Outpatient Ultrasound for the Diagnostic Work-up of Oropharynx Cancer

An explorative diagnostic study was performed at the Department of Otorhinolaryngology, Head & Neck Surgery, Copenhagen University Hospital - Rigshospitalet, Denmark from October 1st, 2021, to April 30th, 2022. The study investigators invited adult patients from the outpatient cancer clinic referred with a suspicion of oropharynx cancer to participate in the study. At the study investigators' center, all head & neck cancer patients receive diagnostic work-up which includes clinical exam, flexible laryngoscopy with narrow-band imaging, surgeon-performed neck ultrasound and biopsy and/or cytology with same-day results. Patients were enrolled after verbal and written consent and were offered an ultrasound examination of the oropharynx as an addition to the standard diagnostic workup in the outpatient clinic. All included patients also received an MRI of the head and neck. Clinical data including age, sex, smoking habits, alcohol consumption, date of MRI scan, and histopathology results were obtained from medical charts after inclusion.

Interventions included transoral ultrasound of the tonsils and base of tongue, conducted with BK5000 ultrasound machines using the X18L5s "hockey stick" transducer. Transcervical ultrasound was also performed in patients where a tongue base cancer was most likely. Standard linear neck transducers (X18L5) or a curved 9C2 transducer was used. The tonsils and tongue base were scanned in two planes if possible, and doppler flow was recorded as well. Ultrasound images were stored as video clips.
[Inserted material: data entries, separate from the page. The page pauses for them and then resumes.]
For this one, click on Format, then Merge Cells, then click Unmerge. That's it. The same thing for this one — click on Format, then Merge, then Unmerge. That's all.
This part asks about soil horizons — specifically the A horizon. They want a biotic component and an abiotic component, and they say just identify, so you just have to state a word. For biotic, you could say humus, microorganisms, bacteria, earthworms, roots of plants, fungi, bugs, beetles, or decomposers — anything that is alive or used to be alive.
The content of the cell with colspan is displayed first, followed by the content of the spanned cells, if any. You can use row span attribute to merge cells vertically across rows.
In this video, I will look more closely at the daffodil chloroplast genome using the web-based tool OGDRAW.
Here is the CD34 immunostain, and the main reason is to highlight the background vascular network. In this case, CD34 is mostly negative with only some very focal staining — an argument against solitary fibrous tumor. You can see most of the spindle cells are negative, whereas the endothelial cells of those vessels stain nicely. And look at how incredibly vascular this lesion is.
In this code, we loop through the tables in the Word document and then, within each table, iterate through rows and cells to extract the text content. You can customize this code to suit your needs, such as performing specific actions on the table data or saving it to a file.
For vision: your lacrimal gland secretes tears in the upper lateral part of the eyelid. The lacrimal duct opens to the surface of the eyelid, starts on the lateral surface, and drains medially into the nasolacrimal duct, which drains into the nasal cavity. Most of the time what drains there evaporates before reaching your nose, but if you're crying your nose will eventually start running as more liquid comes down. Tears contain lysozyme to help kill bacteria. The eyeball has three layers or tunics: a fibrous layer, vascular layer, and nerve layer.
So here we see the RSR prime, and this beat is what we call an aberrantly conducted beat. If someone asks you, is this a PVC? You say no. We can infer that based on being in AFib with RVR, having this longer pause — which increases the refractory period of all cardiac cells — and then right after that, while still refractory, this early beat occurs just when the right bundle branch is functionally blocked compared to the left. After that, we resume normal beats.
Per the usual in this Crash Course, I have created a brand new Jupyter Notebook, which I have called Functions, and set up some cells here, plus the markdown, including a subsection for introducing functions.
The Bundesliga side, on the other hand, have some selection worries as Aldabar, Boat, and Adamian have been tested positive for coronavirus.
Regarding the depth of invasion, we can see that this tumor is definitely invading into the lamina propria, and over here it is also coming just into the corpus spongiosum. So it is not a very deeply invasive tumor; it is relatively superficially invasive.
The detection of tumors with ultrasound was recorded as "positive" if a well-defined tumor was seen that was clearly visualized compared to the contralateral side. A "negative" result was given if no tumors were suspected on either side. An "inconclusive" result was given if a tumor was not clear, but there was suspicious asymmetry visualized. The anatomical sub-location of tumors were stratified into right and left tonsil, tongue base, overlapping tonsil and tongue base, and "other" sub-locations. "Other" sub-locations included the soft palate, uvula, oropharynx posterior wall, vallecula, anterior pharyngeal arch and posterior pharyngeal arch.

MRI was used as the reference test. An expert neuroradiologist blinded to ultrasound results and histopathology rated all tests for tumor detection in the oropharynx and tumor size in detected tumors.

Statistical analysis:

Tumor detection of oropharynx ultrasound and MRI will be compared using the histopathologic diagnosis (cancer or benign) as reference standard to calculate sensitivity, specificity, positive- and negative predictive values (PPV, NPV).

Inconclusive tests will be analyzed as a positive result due to the clinical consequences often leading to diagnostic tonsillectomy.

McNemar's test for differences between sensitivity, specificity, PPV and NPV between ultrasound and MRI will be calculated.

The greatest tumor diameter will be compared between ultrasound and MRI using scatter plots and the Pearson's R correlation coefficient. Tumor volumes calculated using the formula for an ellipse: π/6 * craniocaudal * anteroposterior * mediolateral will be compared. Statistical analysis will be performed using R software version 4.2.2.